Financial crime: Next week in Birmingham, Heads of Government will
also be discussing wide aspects of international crime and
yesterday we discussed and agreed recommendations on one aspect of
that - financial crime. We discussed how we can secure better
international co-operation between financial regulators and
law-enforcement authorities.
Financial crime is one of the major challenges of our time, we can
only successfully combat it if we work together, there are gaps in
the system at the moment. We agreed we would review our national
laws and systems by October of this year to see whether concrete
improvements can be made.
It is essential that there is also effective action against the
laundering of the proceeds of crime so we welcome the decision of
the Financial Action Task Force on Money Laundering to continue its
work; it has achieved much since its creation by the G7 in
developing action against money laundering but as the organisation
itself acknowledges, there is a great deal more to be done and we
must mobilise countries outside its membership to join the fight
against money laundering and we therefore fully support its
intention to build a worldwide anti-money-laundering network and I
am pleased that is one of the Conclusions we can announce today.
There is one other statement on tax competition and we have agreed
a new initiative in this area. We want to tackle the preferential
tax regimes and obtain more information from tax havens and this
will complement the European Union Code of Conduct on Business
Taxation. The agreement, the details of which are published today,
represents a major breakthrough in terms of tackling the growing
problems caused by harmful tax competition and by avoidance and
evasion and this reinforces the work of other international
organisations in the area. We are determined, therefore, to put in
place strong and practical measures to tackle the growing threat of
international tax crime and tax evasion through the use of tax
havens and preferential tax regimes and, as everybody here knows,
the globalisation of business makes this an increasingly pressing
issue. The initiative we are taking paves the way for co-ordinated
international action to allow information to be passed to tax
authorities so that honest citizens and businesses do not have to
pay the price of the activities of tax fraudsters. We are
committed, therefore, to building the practical co-operation at
every level to counter tax evasion in the modern world.
Later this morning, we will be discussing employment issues with
our Russian colleagues in G8, we will be discussing developments on
debt issues and I hope to be able to report more this afternoon.

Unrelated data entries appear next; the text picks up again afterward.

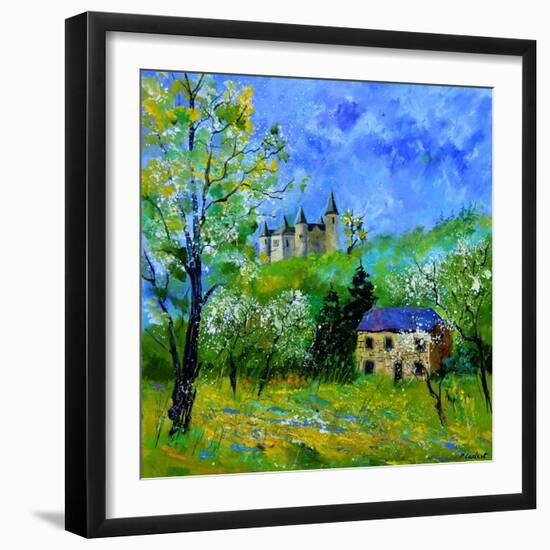 Castle of Veves-Pol Ledent-Framed Art Print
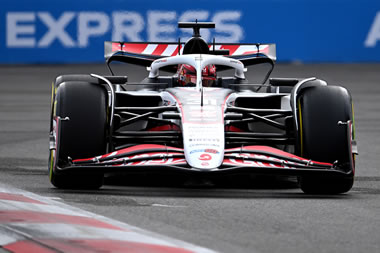 Parrilla de salida del GP de Azerbaiyán tras descalificación de Ocon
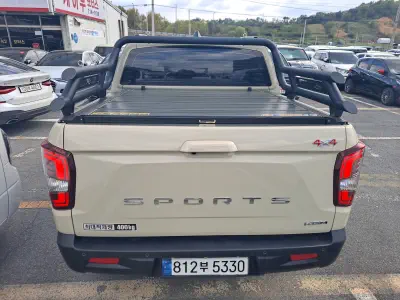 SsangYong Rexton Sports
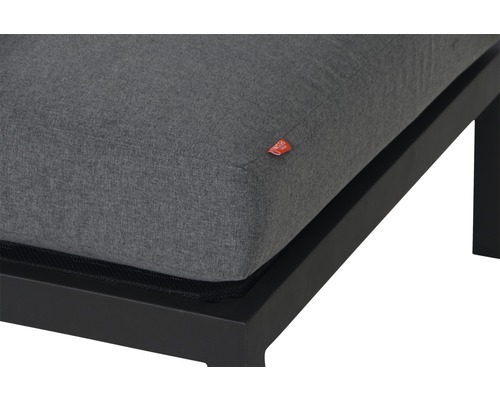 Alvida Module Center Textielstof Mat Antraciet
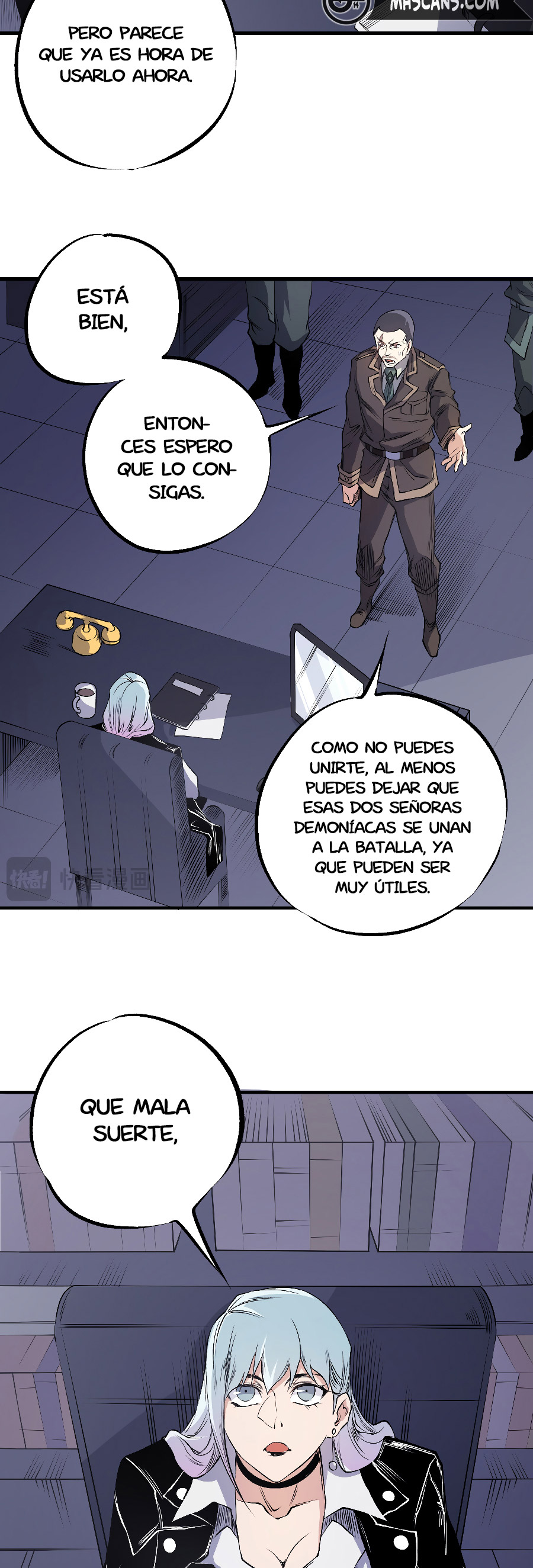 Matando Dioses sin Profesión Capitulo 97 página 19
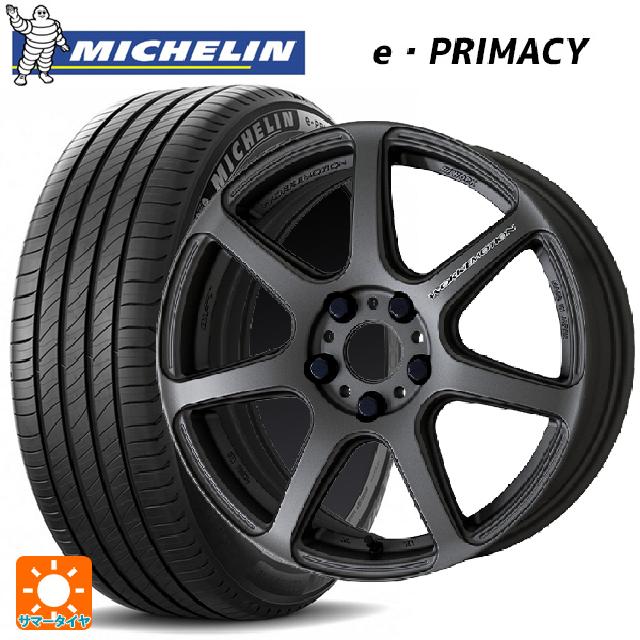 スバル レヴォーグ(VN系)用 215/50R17 95W XL ミシュラン 正規品 Eプライマシー エモーション T7R MGM 新品サマータイヤホイール 4本セット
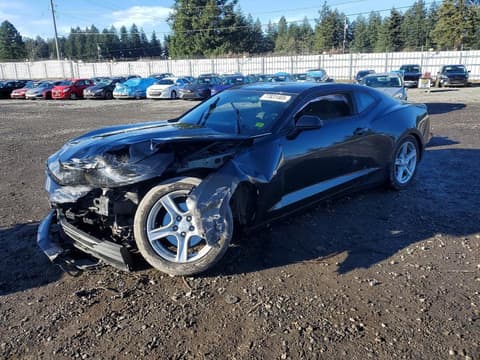 2018 Chevrolet Camaro, VIN 1G1FB1RX7J0180551. Фото 1 з 6 з аукціону Copart. Каталог авто зі США OpenDataCar.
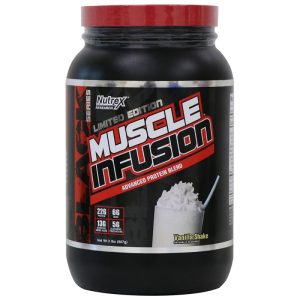 Nutrex Research Muscle Infusion Vanilla Shake - 907g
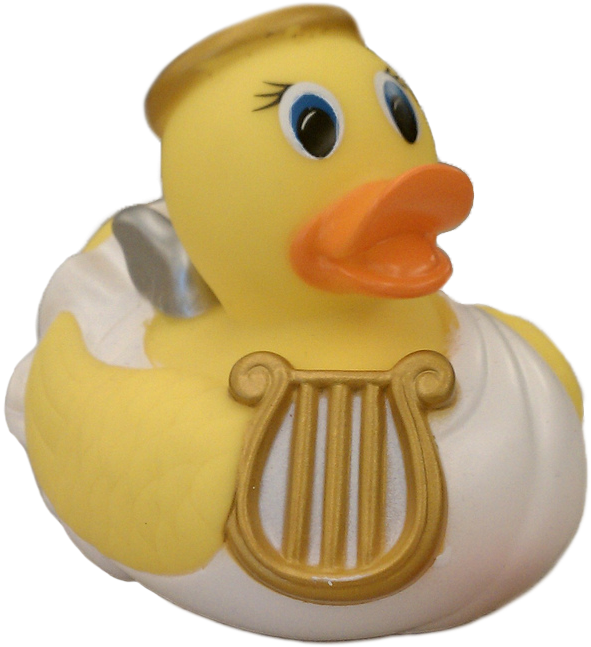 Duck3 - Bath Toy (740x740), Png Download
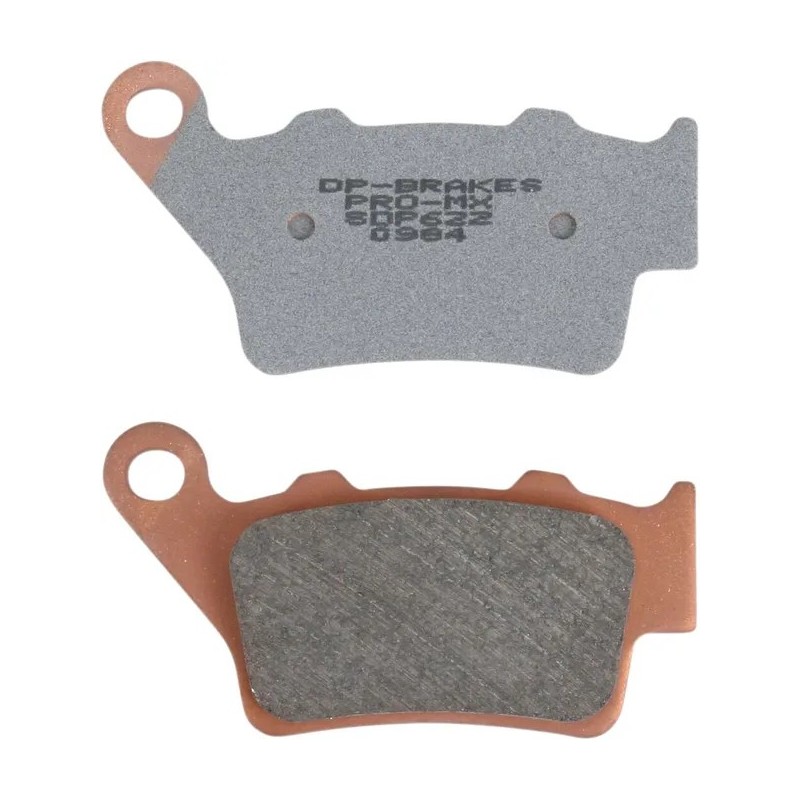 Pastillas de freno sinterizadas SDP Pro-MX DP BRAKES para AJP, APRILIA, BENELLI, BETA, BMW, CF MOTO de 1993 a 2024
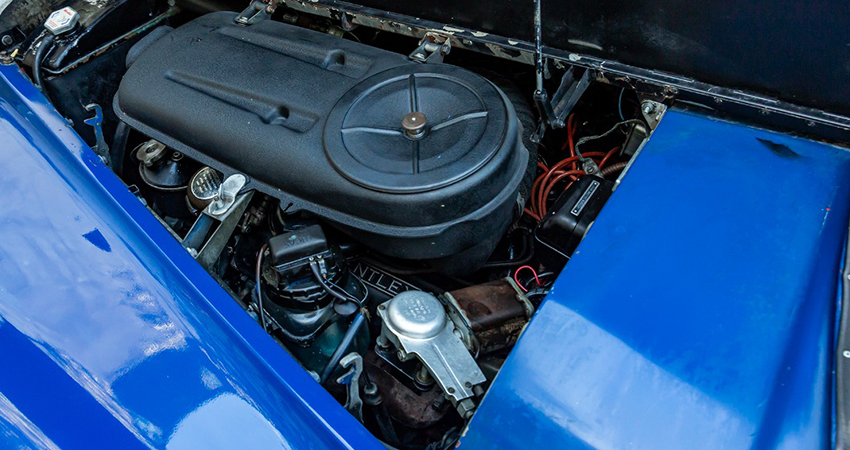 1963 Bentley S3 Saloon Left-Hand-Drive engine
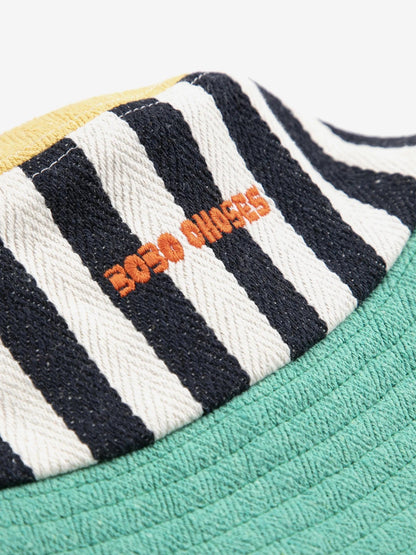 Bobo Choses Colour Block Cotton Hat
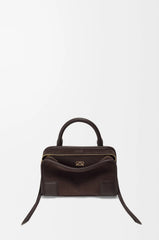 Mini Amazona 180 Bag In Suede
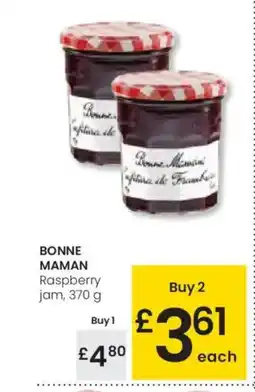 Eroski BONNE MAMAN Raspberry oferta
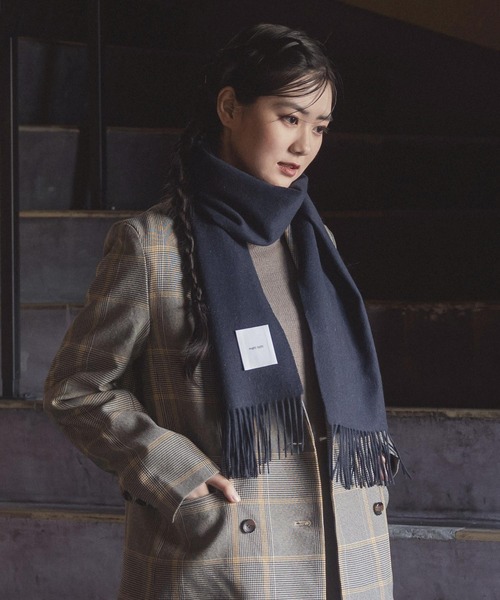 マフラー ストール 「matti totti」カシミヤ マフラー カシミア 100％ 大判 レディース 無地 単色 カシミヤマフラー カシミアマフラー_12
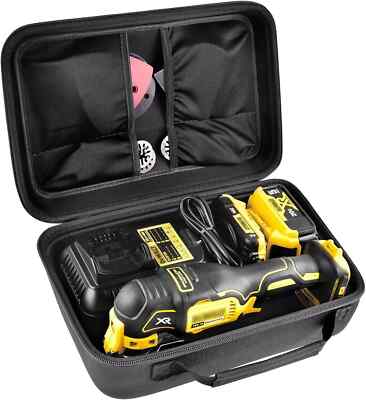 Dewalt 20v Max Xr Oscillating Multi-tool Dcs354b Large Carrying Storage Box Only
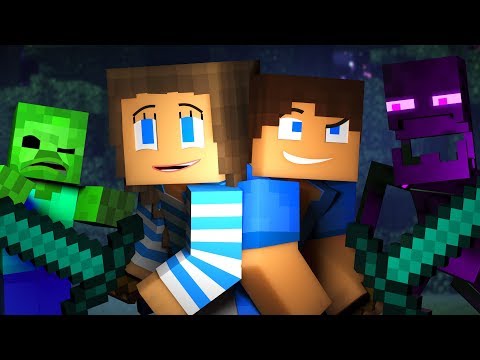 "Fly Again" | Minecraft Parody Of Coldplay's "Adventure of a Lifetime"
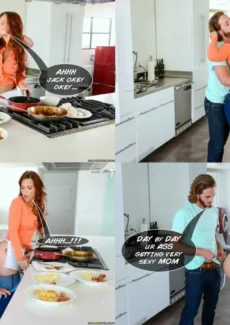Mom vs 3 Son007
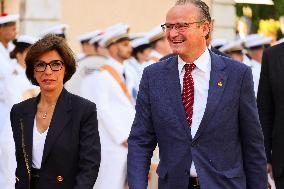 25th Franco-German Ministerial Council - Toulon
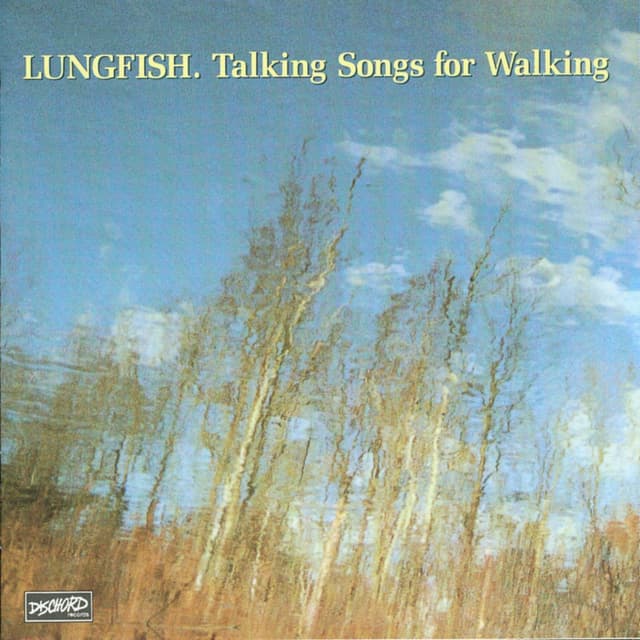Album cover art for Talking Songs For Walking
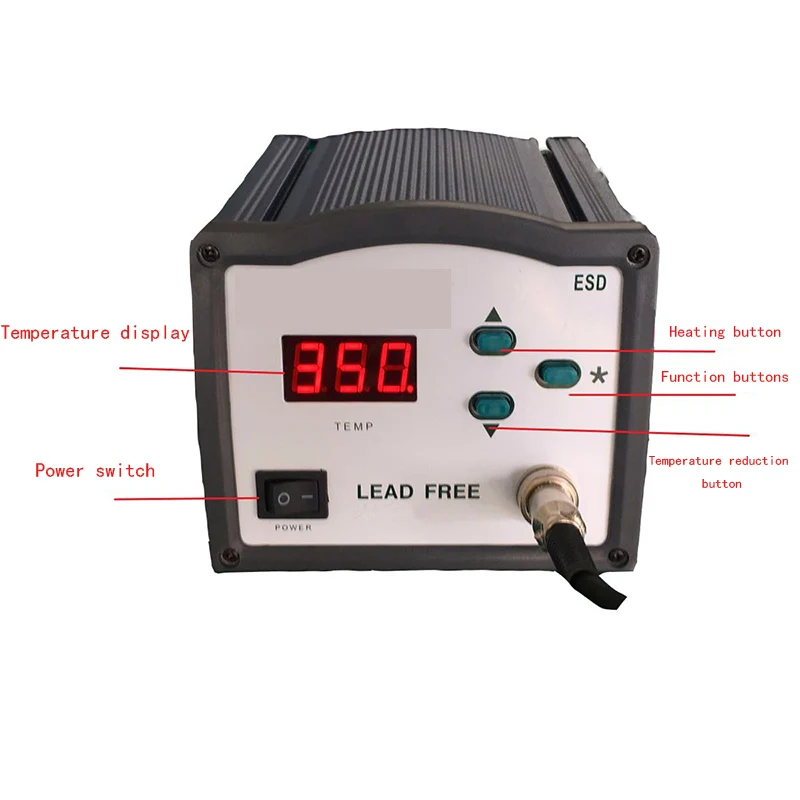 Electric Iron Constant Temperature Intelligent Welding Platform Lead Free Welding Platform High Frequency High Power 120W Electric Iron Constant Temperature Intelligent Welding Platform Lead Free Welding Platform High Frequency High Power 120W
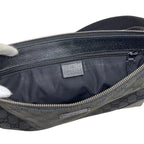 Gucci Shoulder Bag GG Canvas Black — view 4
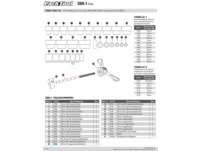 Park Tool 2772 12 mm Lagerabzieher für SBK-1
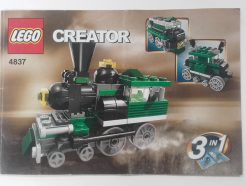 Lego Creator – Összeszerelési útmutató 4837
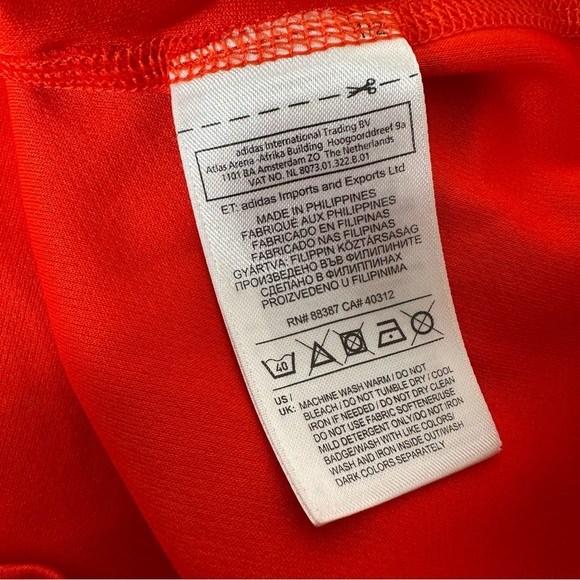 Men’s adidas running shirt long sleeve  size L - Picture 9 of 11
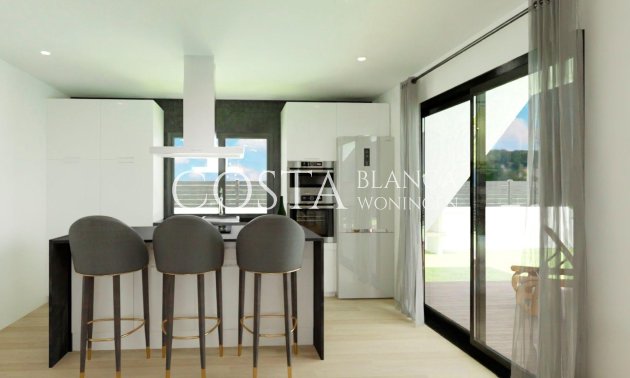 Nieuwbouw Woningen - Villa -
Hondón de las Nieves
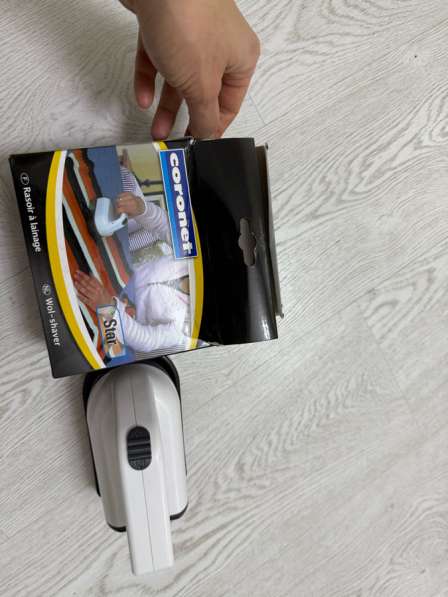 Машинка от катышек в 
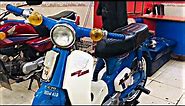 Honda 50cc 1984 Model Scooter Detailed Review |Sound Test| |Specifications| |Features|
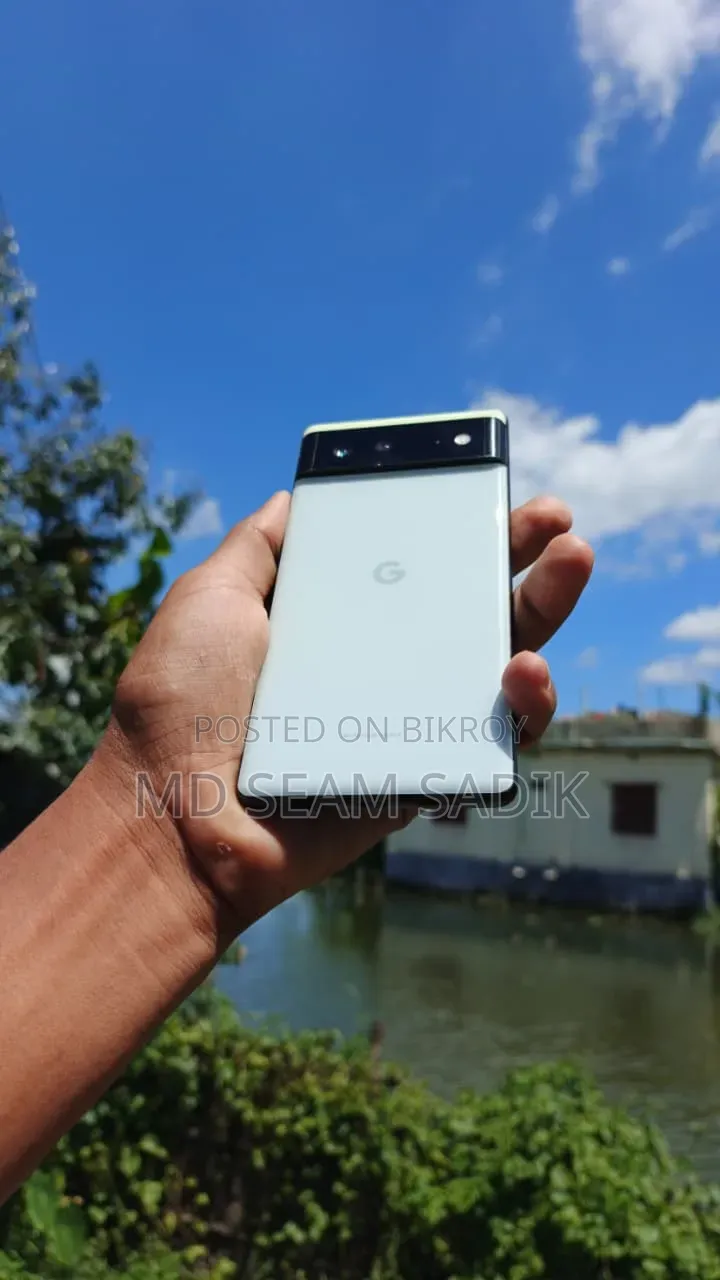 Google Pixel 6 128 GB White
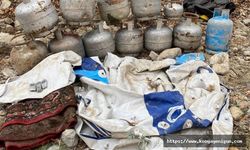 Bingöl'de PKK'lı teröristlerce kullanılan 11 sığınak imha edildi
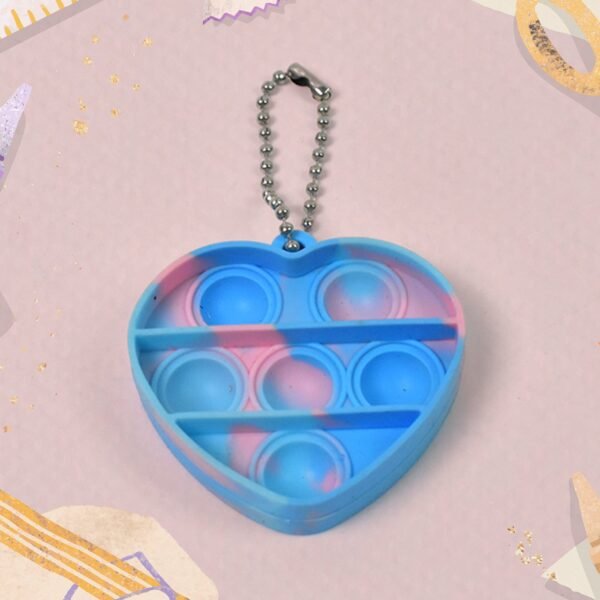 Fidget Toys for Kids Mini  Keychain (1 Pc / Mix Color & Design)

At lunch, we will be discussing the economic, social and political
implications of the Asia crisis and we will be joined by the heads
of the three organisations - the World Trade Organisation, IMF and
the World Bank - and I will report back on that when we have our
press conference this afternoon but I hope you will agree that the
changes that we are recommending, particularly with new codes of
practice for greater openness in the world economy, represent a
substantial body of work that will now be passed to the Birmingham
summit for Heads of Government.
QUESTION:
Can you say whether you think the new codes you are proposing would
have actually prevented the Asian crisis from developing or whether
it would have happened in any event?
CHANCELLOR OF THE EXCHEQUER:
The new codes will first of all be the best anti-corruption measure
that has been introduced in relation to public funds. Secondly,
the new codes would allow a situation where, in advance of what
appeared to be excessive market corrections as a result of a crisis
that developed, got worse and was not dealt with until it was too
late, the information on which market decisions are based would
have been available and therefore we would have educated markets.
By providing international yardsticks against which the performance
of economies and the promises that are made by politicians can be
judged, you provide therefore the scope for earlier intervention to
tackle problems, you remove an incentive that is still there in
many countries for people to hide the extent of their problems and,
of course by extending this as we are discussing now, from
governments to the corporate sector with what is effectively a code
on corporate behaviour, this is a very radical and far-reaching set
of proposals indeed.
In the modern world, it seems to me that global financial flows
will move to those countries that can demonstrate not only that
they have taken measures that will ensure stability in their
economies but that they can show that they have procedures against
which their promises and their rhetoric can be judged and that is
why the openness in the dissemination of information about economic
performance but also the openness in the establishment of
procedures that allow for regular publication of information and
for people to judge whether policy outcomes can be achieved on the
basis of promises, is a very important development indeed.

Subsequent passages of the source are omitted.